Photograph of The Baayfalls mural at The High Line at 22nd Street, New York, NY, December 2019–Fall 2021. Image courtesy of jordancasteel.com.
Recognition
Casteel’s first major solo exhibition was in her hometown at the Denver Art Museum in February 2019, featuring thirty paintings of subjects from her neighborhood in Harlem spanning the four years from 2014-2018. Since her acclaimed exhibition Jordan Casteel: Within Reach at the New Museum in February 2020, her first major New York City solo show, her works have been acquired by the Metropolitan Museum of Art, the Pérez Art Museum in Miami, and exhibited abroad. Also in 2020, Casteel’s 2013 portrait of her mother entitled simply Mom and made while she was a student at Yale, sold for 515,250 British pounds ($666,734), twice the original estimate of 180,000-250,000 pounds at Christie’s London auction on February 12, 2020, setting a new world record for the artist who was only thirty years old at the time.

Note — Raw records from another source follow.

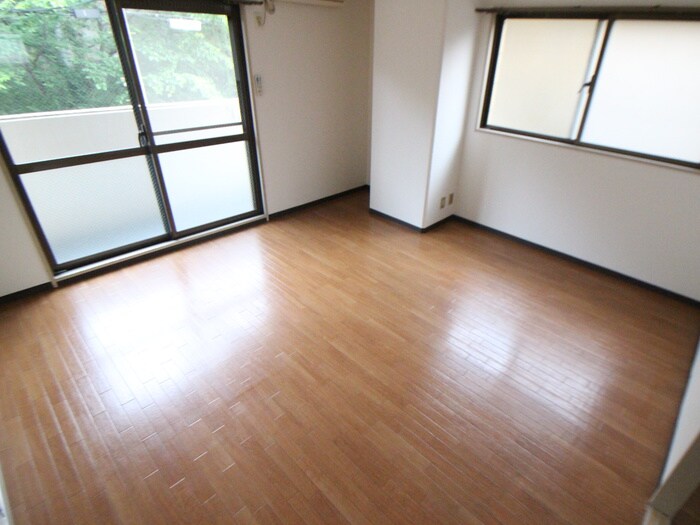 物件内観写真13　(居室)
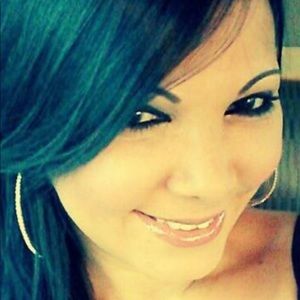 Meet your Posher, Evelyn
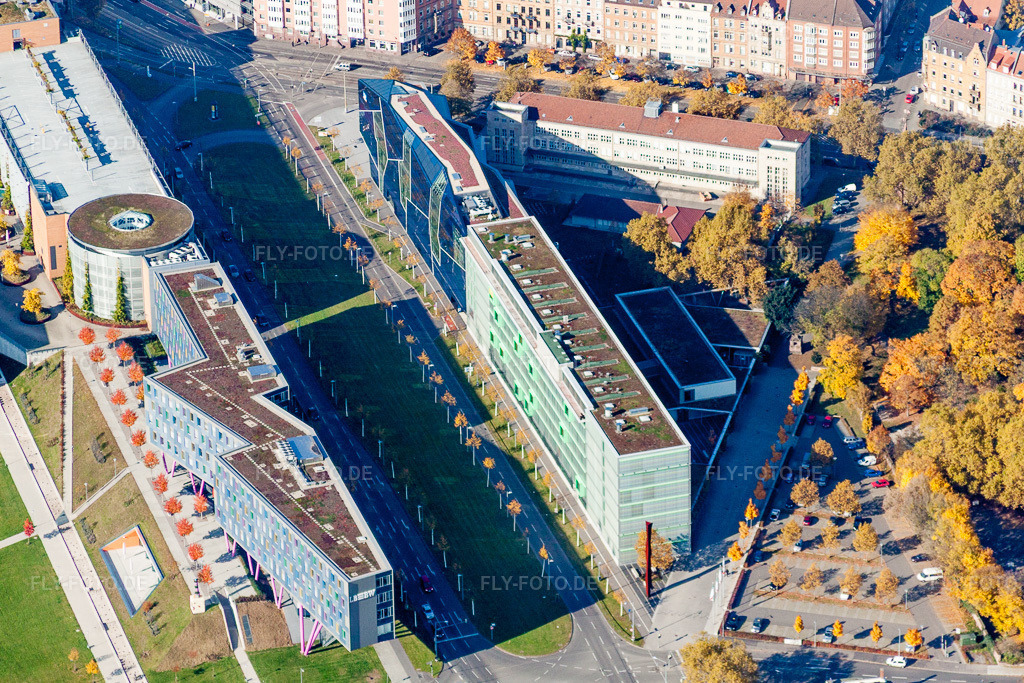 Luftbild: Verlauf der Straßenführung der Ludwig-Erhard-Allee mit Scheck-In Center, Volksbank Karlsruhe eG - Hauptverwaltung, Friedrich-List-Schule im Ortsteil Oststadt im Ortsteil Südstadt in Karlsruhe im Bundesland Baden-Württemberg in Deutschland. Foto: IMG_35146.jpg vom 31.10.2010 durch Werner Riehm/FLY-FOTO.de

Jordan Casteel (b. 1989), Mom, 2013. Oil on canvas, 48 x 36 in. Image courtesy of Culture Type.
In 2021, Casteel was the recipient of a MacArthur Foundation “Genius” Fellowship, a prestigious award given to up and coming artists with a $625,000 stipend paid out over five years. Awarded annually by the Chicago-based John D. and Catherine T. MacArthur Foundation, the fellowships are intended to “encourage people of outstanding talent to pursue their own creative, intellectual, and professional inclinations.” More recently, her work was included in the 2022 exhibition Women Painting Women at the Modern Art Museum of Fort Worth, Texas.
Casteel and her husband, the Australian-born photographer David Schulze, divide their time between an apartment in Harlem and a house in the Catskill Mountains in upstate New York. She is jointly represented by Casey Kaplan Gallery in New York City and Massimo de Carlo Gallery, with locations in Milan, London, and Hong Kong.